How Do You Calculate the Ratio h/R for a Spinning Billiard Ball?

[AFlyingKiwi]

1. Homework Statement
A spherical billiard ball of uniform density has mass m and radius R and moment of inertia about the center of mass ( ) 2 cm I = 2/ 5 mR^2 . The ball, initially at rest on a table, is given a sharp horizontal impulse by a cue stick that is held an unknown distance h above the centerline (see diagram below). The coefficient of sliding friction between the ball and the table is µk . You may ignore the friction during the impulse. The ball leaves the cue with a given speed v0 and an unknown angular velocity ω0 . Because of its initial rotation, the ball eventually acquires a maximum speed of 9 / 7 v0 . The point of the problem is to find the ratio h / R.

Homework Equations

L=Iw
p=mv
L_i = L_f

The Attempt at a Solution

I have the solution in this link (http://web.mit.edu/8.01t/www/materials/InClass/IC-W15D2-5.pdf) but I don't get a certain part of it. When they give us initial L, it says L_i = mv_0(R) + I_cm(w_0). Why is the mv_0(R) there? Also, why can we use conservation of angular momentum if there is a net external force?

 

[haruspex]

When they give us initial L, it says L_i = mv_0(R) + I_cm(w_0). Why is the mv_0(R) there? Also, why can we use conservation of angular momentum if there is a net external force?

The answer to both questions is that they are taking angular momentum about some point at the level of the table. Friction therefore has no moment, and angular momentum is conserved. The total angular momentum consists of that due to its rotation about its centre plus the contribution from its linear motion, mvR.

 

[AFlyingKiwi]

The answer to both questions is that they are taking angular momentum about some point at the level of the table. Friction therefore has no moment, and angular momentum is conserved. The total angular momentum consists of that due to its rotation about its centre plus the contribution from its linear motion, mvR.

So just to clarify, for any object that is rolling, it's total angular momentum is its rotational component and it's linear component times the radius?

 

[haruspex]

So just to clarify, for any object that is rolling, it's total angular momentum is its rotational component and it's linear component times the radius?

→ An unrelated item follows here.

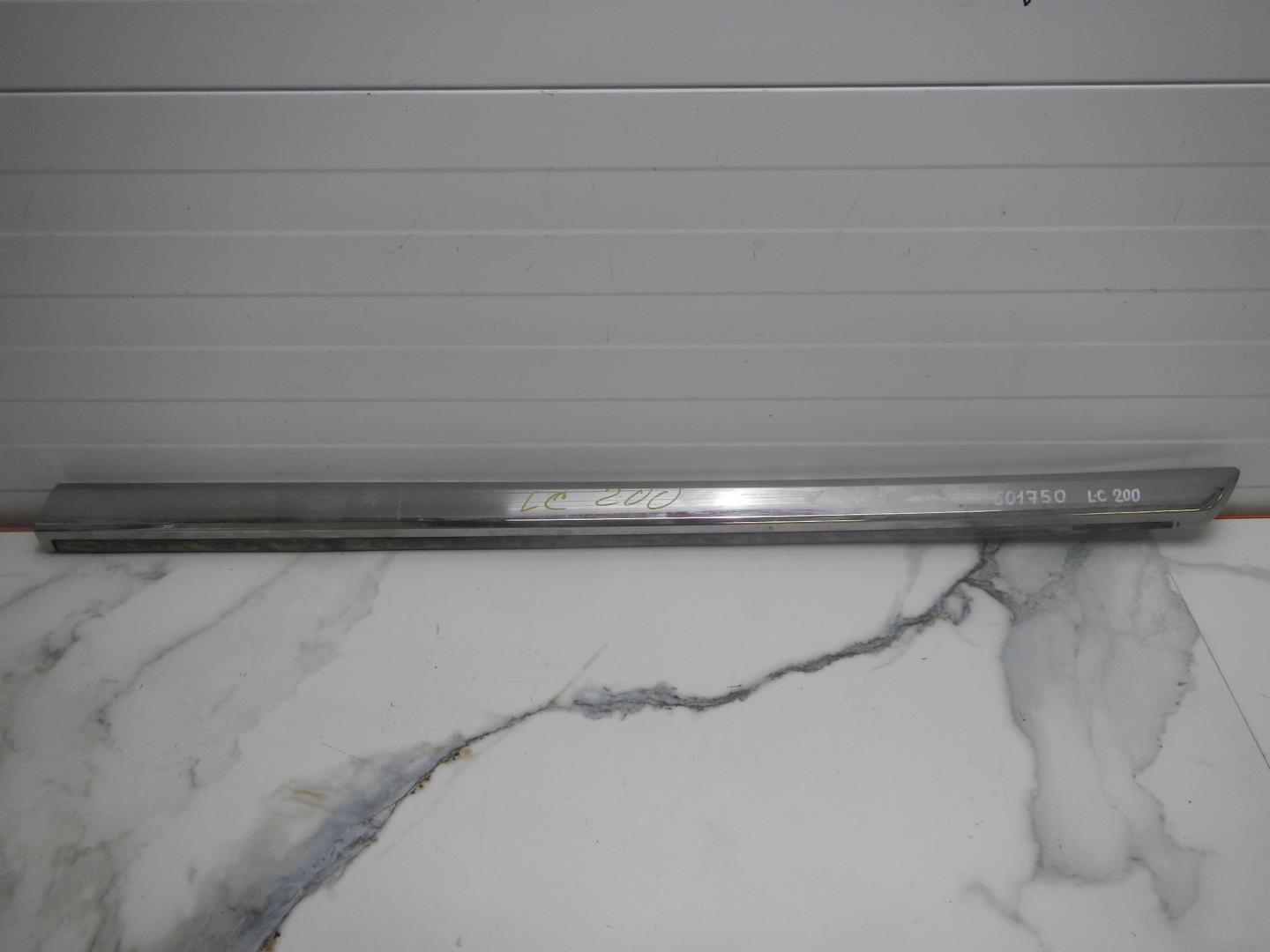 Молдинг передней правой двери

It is not to do with whether it is rolling.
In general, angular momentum (and torque, and moment of a force...) is only meaningful in the context of a given axis. You can decompose the motion of a rigid body into the sum of a linear motion and a rotation about its mass centre. Given the axis, you can find the angular momentum contributions from those two motions and add them to get the total angular momentum about the axis.
E.g. consider a mass m traveling at speed v along y=h, z=0, rotating at rate ω about an axis parallel to the z axis and through its mass centre. Let the MoI about that rotation axis be I. Pick the z axis through the origin as the reference axis.
The linear motion contributes mhv, while the rotation contributes Iω.